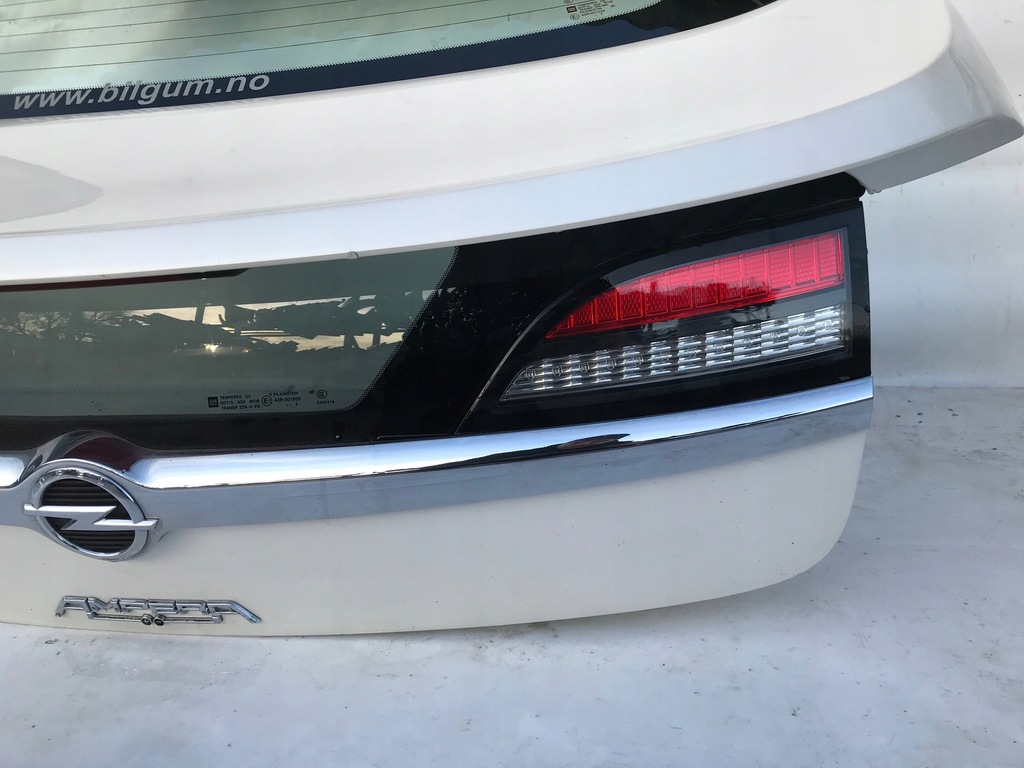 фото №10, Opel ampera chevrolet volt кришка багажника кришка багажника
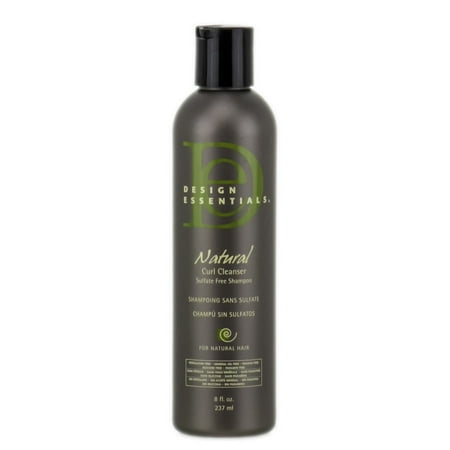 Design Essentials Natural Curl Cleanser Sulfate Free Shampoo (Size : 8 oz)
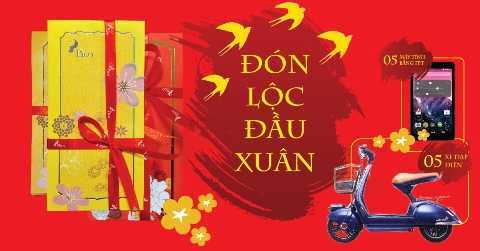 Đón lộc đầu xuân cùng Pico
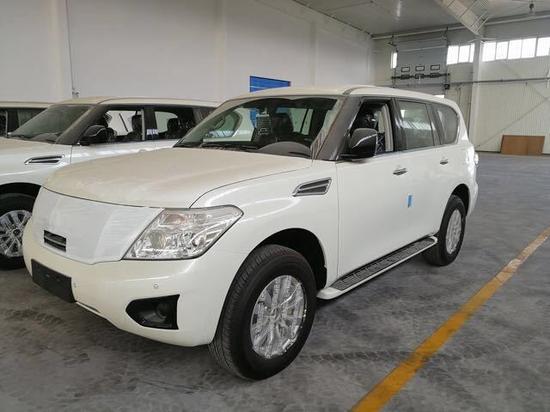 2018款尼桑途乐Y62 价格优惠天津港最低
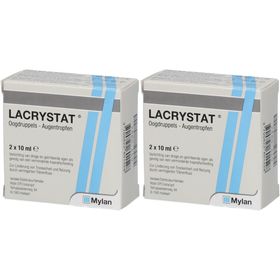Lacrystat Oogdruppels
■ ■ ■ ■ ■
### Work instruction
Return the listing above in full and unaltered. Keep the pictures out.

### Task response
 фото №10, Opel ampera chevrolet volt кришка багажника кришка багажника
 Design Essentials Natural Curl Cleanser Sulfate Free Shampoo (Size : 8 oz)
 Đón lộc đầu xuân cùng Pico
 2018款尼桑途乐Y62 价格优惠天津港最低
Lacrystat Oogdruppels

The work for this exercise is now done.